Unnamed: 0,Total Players
0,780


## Purchasing Analysis (Total)

* Run basic calculations to obtain number of unique items, average price, etc.


* Create a summary data frame to hold the results


* Optional: give the displayed data cleaner formatting


* Display the summary data frame


In [278]:
#Run basic calculations to obtain number of... unique items, average price, etc.

# unique items
unique_items = purchase_data['Item ID'].nunique()

# average price
average_price = purchase_data['Price'].mean()

# total purchases
total_purchases = purchase_data['Purchase ID'].count()

# total revenue
total_revenue = purchase_data['Price'].sum()


# Create a summary data frame to hold the results
total_purchases_df = pd.DataFrame({'Unique Items':[unique_items], 'Average Price':[average_price], 
                                   '# of Purchases':[total_purchases], 'Revenue':[total_revenue]})

total_purchases_df

Unnamed: 0,Unique Items,Average Price,# of Purchases,Revenue
0,179,3.050987,780,2379.77


## Gender Demographics

* Percentage and Count of Male Players


* Percentage and Count of Female Players


* Percentage and Count of Other / Non-Disclosed




In [279]:
# Gender Demographics
# Percentage and Count of Male Players - Percentage and Count of Female Players - Percentage and Count of Other / Non-Disclosed
player_count = purchase_data['SN'].count()

gender_count = purchase_data['Gender'].value_counts()
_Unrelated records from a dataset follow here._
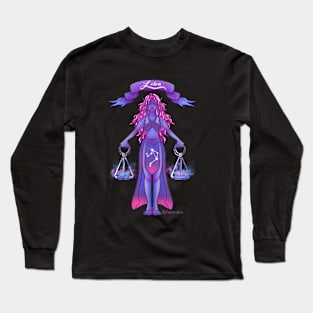 Libra Long Sleeve T-Shirt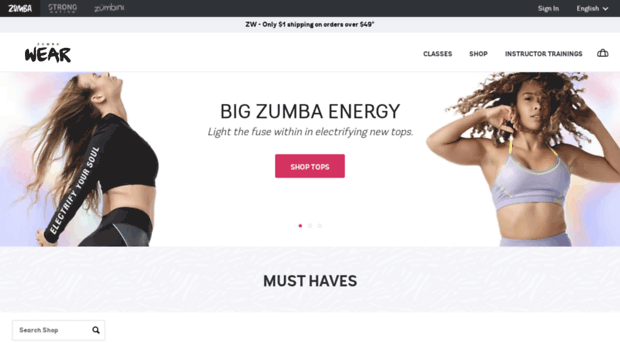 zumbashop.nl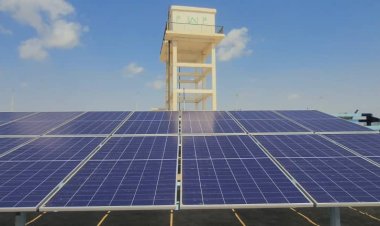 أبين: تدشين تشغيل بئر عمودية تعمل بالطاقة الشمسية في زنجبار بأبين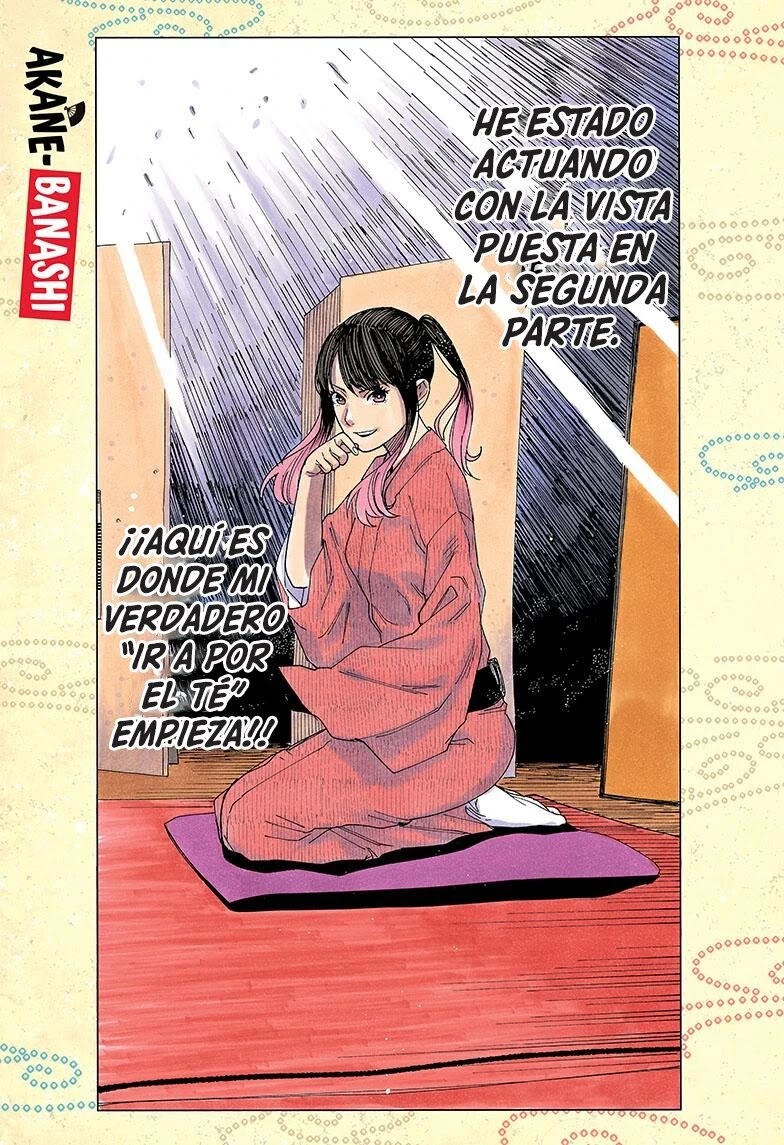Read Akane Banashi ES Manga Online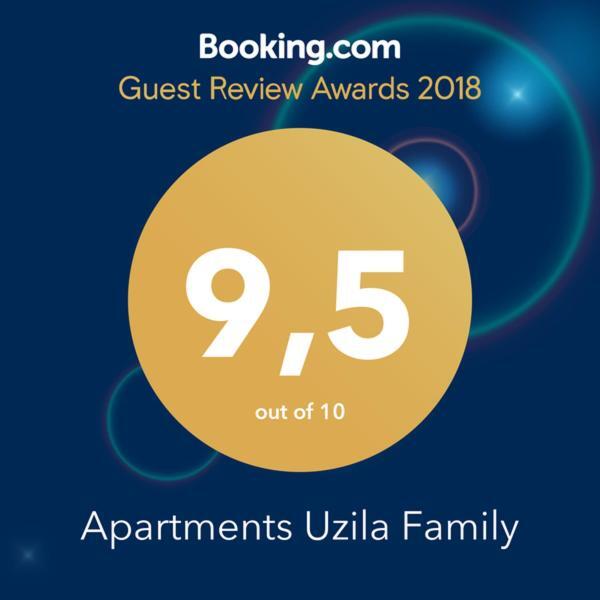 Apartments Uzila Family Mugeba Esterno foto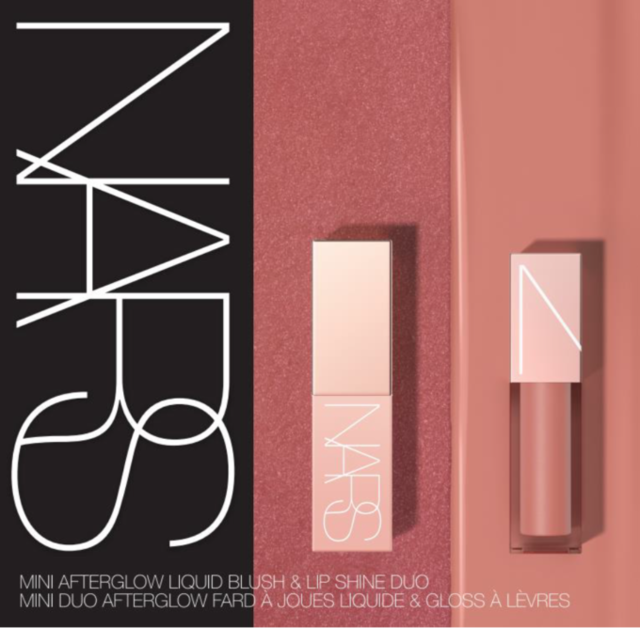 NARS、アイコニックアイテムがミニサイズのセットになって発売中！セミセルフ店舗・オフィシャルサイトにて数量限定発売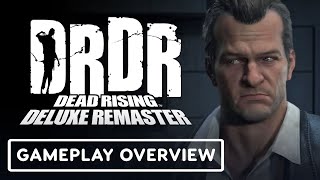 Dead Rising Deluxe Remaster  Official Director’s Report Video [upl. by Ynaffik]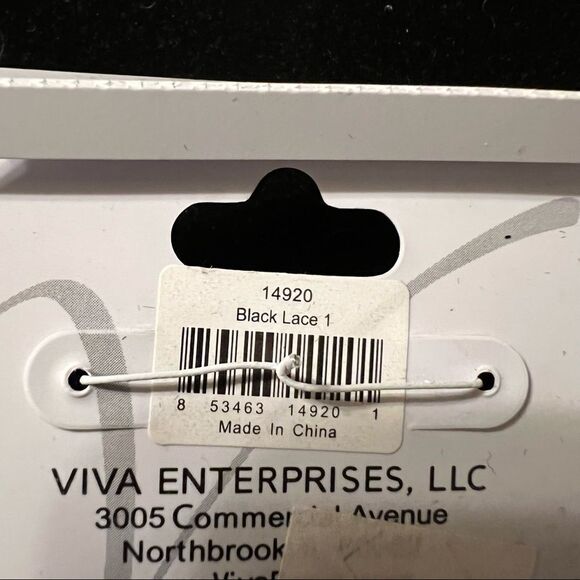 Handmade Clay Beads Tea Leaf, Midnight Mist and Black Lace set of 3 - Picture 3 of 6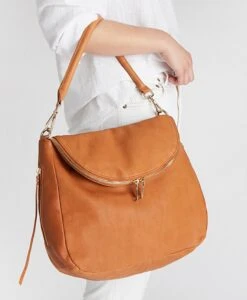 Wanderer Shoulder Bag -Bullboxer AU Shop Wanderer19sVTSO Tan Hero 1
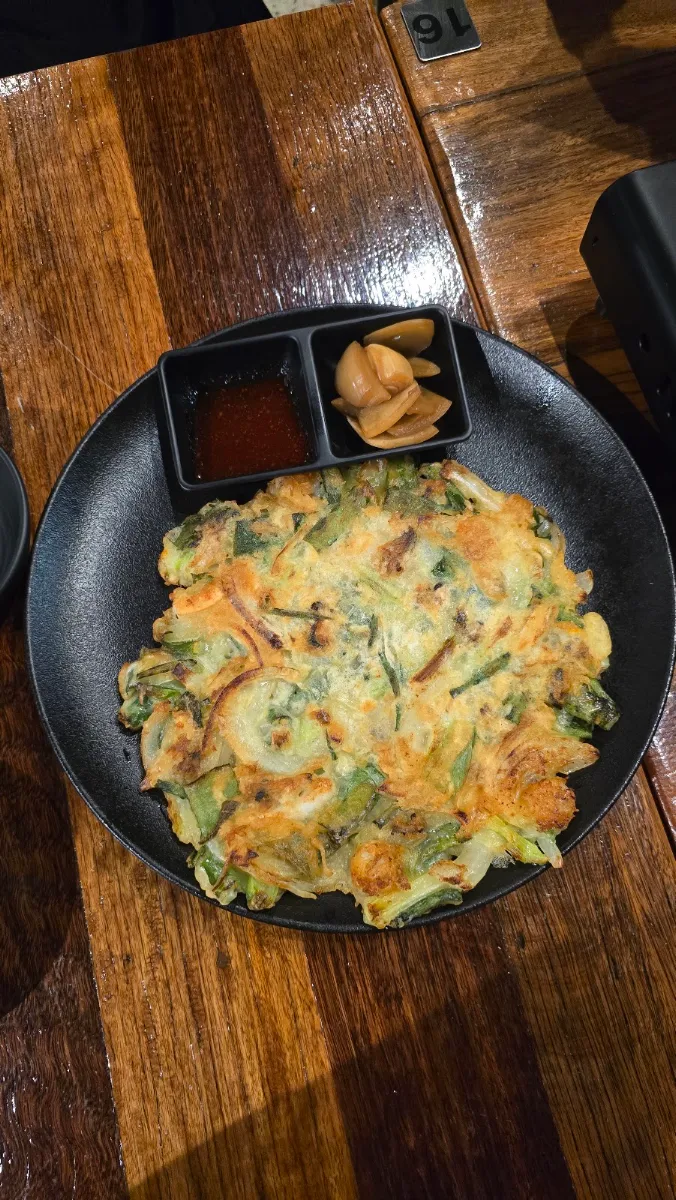 Seafood Pancake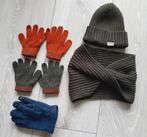 Sjaal / Muts handschoenen. Hema, Setje, 110 t/m 116, Jongen of Meisje, Ophalen of Verzenden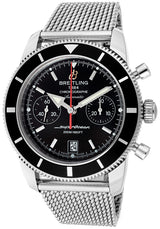 Breitling Superocean Heritage Chronograph 44 Black Dial Men's Watch #A2337024/BB81 - Watches of America #3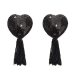 New Hot 1 Pair Sexy Pasties Stickers Women Lingerie Sequin Tassel Breast Bra Nipple Cover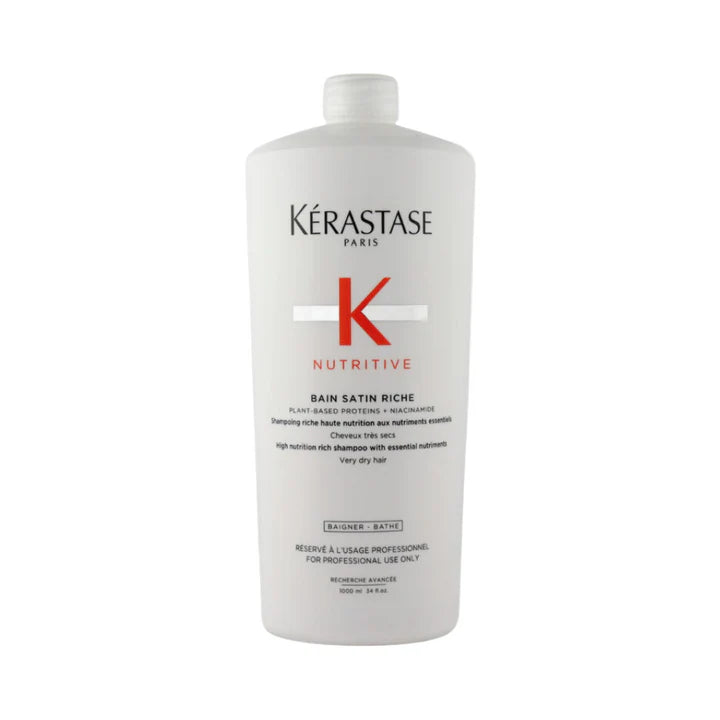 KERASTASE NUTRITIVE BAIN SATIN SHAMPOO 1000ML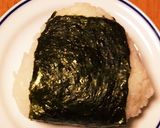 冷凍ハンバーグで♪ボリューム満点おにぎり作り方4写真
gender_percent = gender_count/(player_count)*100

rounded_percent = gender_percent.round(2)

# output dataframe
gender_demo_df = pd.DataFrame({'Players Percentage':rounded_percent, 'Player Count':gender_count})

# give index a title 
gender_demo_df.index.name = 'Gender'

# align all df headers 
gender_demo_df.columns.name = gender_demo_df.index.name
gender_demo_df.index.name = None

# print df
gender_demo_df 


Gender,Players Percentage,Player Count
Male,83.59,652
Female,14.49,113
Other / Non-Disclosed,1.92,15



## Purchasing Analysis (Gender)

* Run basic calculations to obtain purchase count, avg. purchase price, avg. purchase total per person etc. by gender




* Create a summary data frame to hold the results


* Optional: give the displayed data cleaner formatting


* Display the summary data frame

In [280]:
# Run basic calculations to obtain purchase count, avg. purchase price, avg. purchase total per person etc. by gender
player_count = purchase_data['SN'].count()

purchase_count = purchase_data.groupby(['Gender']).count()['Price']

average_purchase_price = purchase_data.groupby(['Gender']).mean()['Price']

purchase_total = purchase_data.groupby(['Gender']).sum()['Price']

purchase_total_per_person = (purchase_total / player_count)


# drop duplicates
purchase_data.drop_duplicates(inplace=True)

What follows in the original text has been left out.